Start of Block
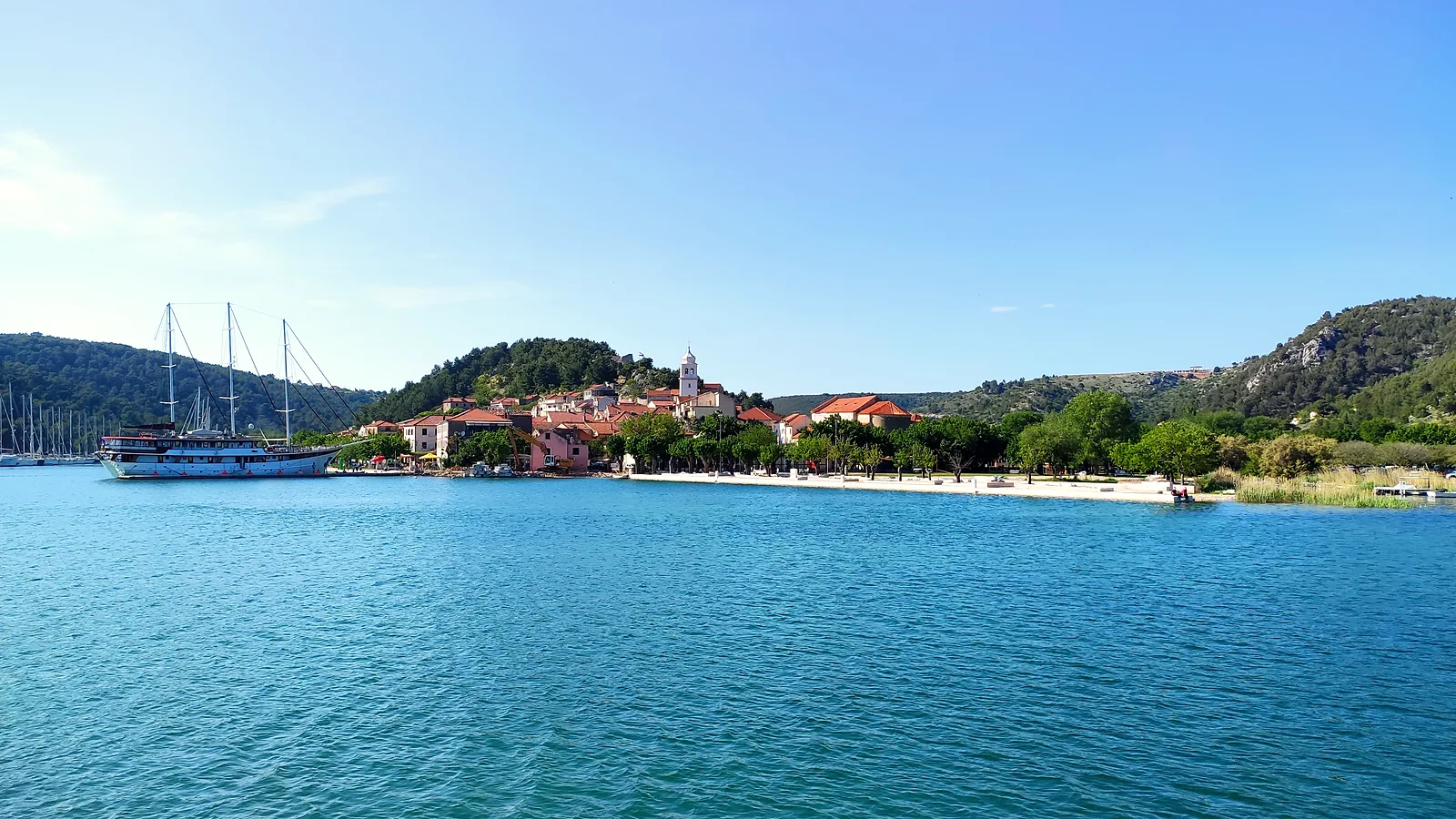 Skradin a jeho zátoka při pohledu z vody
End of Block
Start of Block
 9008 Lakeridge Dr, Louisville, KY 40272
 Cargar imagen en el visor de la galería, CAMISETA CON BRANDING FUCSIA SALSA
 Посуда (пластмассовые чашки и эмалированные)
End of Block
▶ **Task goal**: In the material above, transcribe exactly the lines beginning at the one with "9008 Lakeridge Dr, Louisville, KY 40272" and ending at the one with "Посуда (пластмассовые чашки и эмалированные)", both included.

▶ **Answer to the exercise**:
 9008 Lakeridge Dr, Louisville, KY 40272
 Cargar imagen en el visor de la galería, CAMISETA CON BRANDING FUCSIA SALSA
 Посуда (пластмассовые чашки и эмалированные)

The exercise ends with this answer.